C’est sous la Troisième République, en même temps que prennent tournure les mécanismes de la démocratie moderne que  va aussi apparaître  lentement l’esquisse de la défense moderne. Dans les toutes dernières années du XIX° siècle deux évènement majeurs marquent la rupture. Tout d’abord la loi Constant 1897 qui va permettre à l’avocat d’entrer le cabinet du juge d’instruction. Jusque là c’était inconcevable. Le défenseur, avant l’audience ne connaît pas le dossier, n’assiste pas aux interrogatoire, il a juste le droit de rencontrer son client. Cette loi avant d’être votée en 1897  avait été  présentée au Parlement en 1879  et ne fut  votée que dix-huit ans plus tard  tant  les réticences étaient  grandes et la Cour de Cassation dans un avis unanime condamnait avec vigueur  un projet qu’elle trouvait «absolument incompatible avec les nécessités de l’information judiciaire ». Elle énonçait solennellement qu’ « en la matière, les idées les plus généreuses se donnent libre cours et il faut du courage pour résister à leur séduction mais ce courage est néanmoins nécessaire».  On croirait entendre le Parlement de Paris cent ans plus tôt lorsqu’il s’opposait à la réforme que le roi dut imposer au cours d’un lit de justice en 1788,  dans le même temps où l’avocat général Louis Séguier proclamait que «  l’expérience nous apprend que si l’on prend un conseil, la preuve du crime s’évanouit au cours des formalités prescrites pour préparer le jugement ». Vous désarmez le Juge d’Instruction, disaient les opposants, cette « colonne qui soutient tout notre droit criminel » dont parlait Balzac.   Les barreaux eux-mêmes étaient curieusement opposés tant ils considéraient que la noblesse des avocat s’incarnaient toute entière dans la pompe de leurs discours..  Placer un avocat dans le cabinet d’un juge d’instruction - comme vous le disait  Jean-Denis Bredin, tout à l’heure - quelle déchéance !  C’est la fin de l’essence même des son art qu’est  la plaidoirie à l’audience sur laquelle repose la vie d’un homme.  Mais la loi sera votée, l’avocat entrera dans le cabinet d’instruction et la défense pourra commencer à agir dès la phase de l’enquête.

 

 

Mais autre chose va changer.

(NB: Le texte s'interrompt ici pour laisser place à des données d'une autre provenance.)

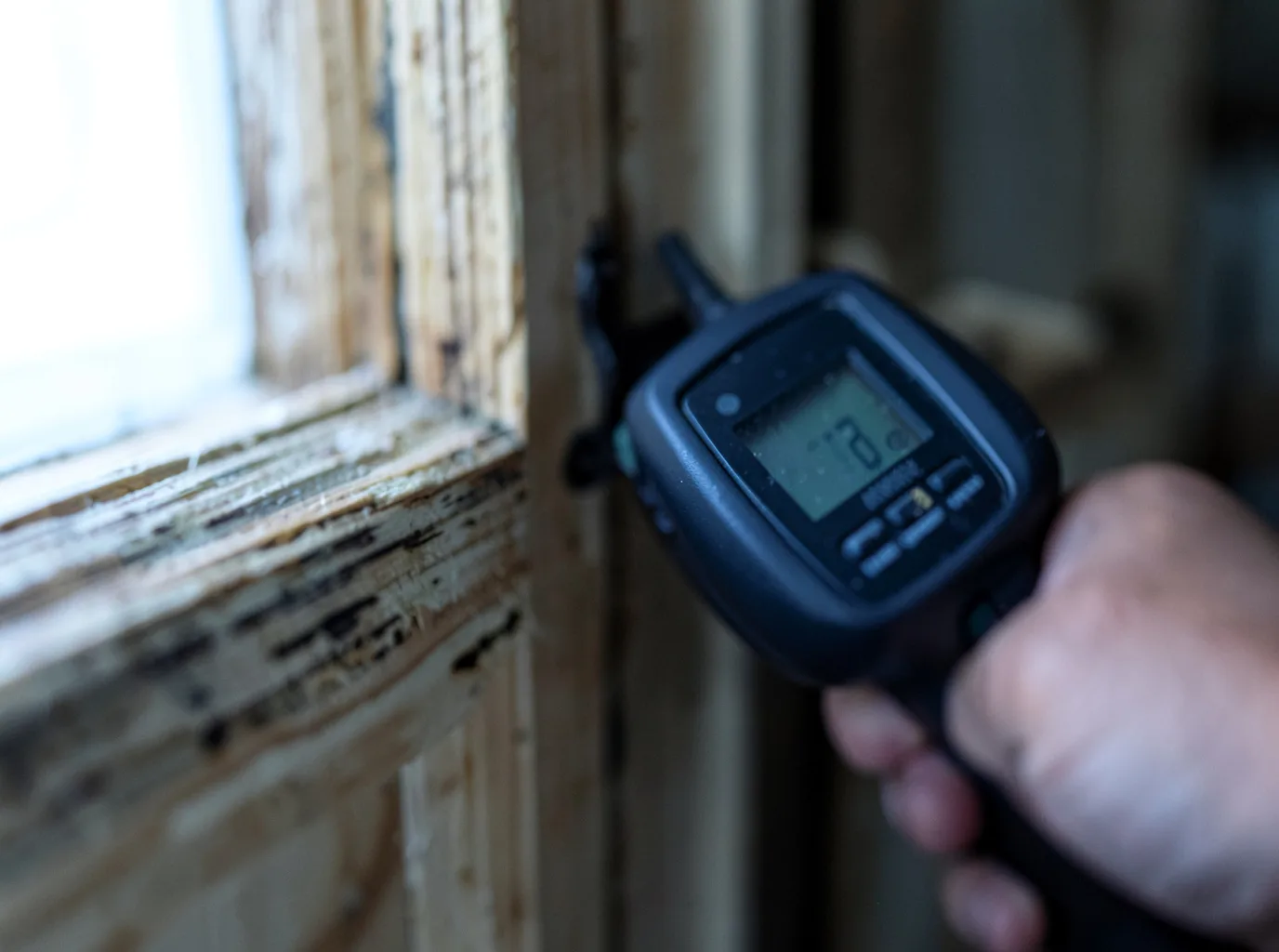 Moisture Inspection And Documentation in Los Lunas, NM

A l’audience d’abord : au moment du vote de la loi de 1897, le pays est secoué par l’affaire Dreyfus. Au procès de Zola, comme d’habitude, Labori va faire une plaidoirie très longue dont le moins que puissent dire ceux qui ont eu le courage de la lire est qu’elle ne nous transporte pas d’admiration. Par contre il va faire preuve de  génie à l’audience en inventant un autre type de défense. Il  va faire apparaître le Président comme ce qu’il est, c’est-à-dire un inquisiteur accusateur et partial. Il l’oblige à dire  sans cesse, de façon bornée et répétitive : « la question ne sera pas posée ».  et la formule est passée dans l’Histoire. Voilà donc que la défense passe à l’offensive. Et puis la justice sort de l’audience. C’est à l’occasion de ce même procès Zola, que constatant l’impossibilité d’obtenir justice un certain nombre d’intellectuels, comme nous les appellerions aujourd’hui, décident de fonder une association réunissant ceux qui veulent que la vérité soit enfin reconnue et que justice soit rendue. Ils vont combattre en dressant l’opinion, c’est la création de la Ligue des droits de l’homme. Une  réponse civique se substitue à la défense lorsque celle-ci devient inutile. Elle aboutira malgré l’échec judiciaire au  procès de Rennes et l’attentat contre Labori, à la réhabilitation totale de Dreyfus. L’opinion , à nouveau acteur de la justice est un instrument de la défense. Ce  mouvement de défense des droits qui s’exprime déjà sur le plan social à travers le mouvement syndical a pris une ampleur de plus en plus grande et  s’incarne aujourd’hui dans les associations, les ONG, qui interviennent tant au plan national qu’au plan international. Cette défense sociale, non professionnelle, est aujourd’hui incontournable, prend de l’ampleur. intervient  directement sur le plan judiciaire ou ses droits s’étendent sans cesse. Il y a là un des chemins où s’est engagée la défense de l’avenir.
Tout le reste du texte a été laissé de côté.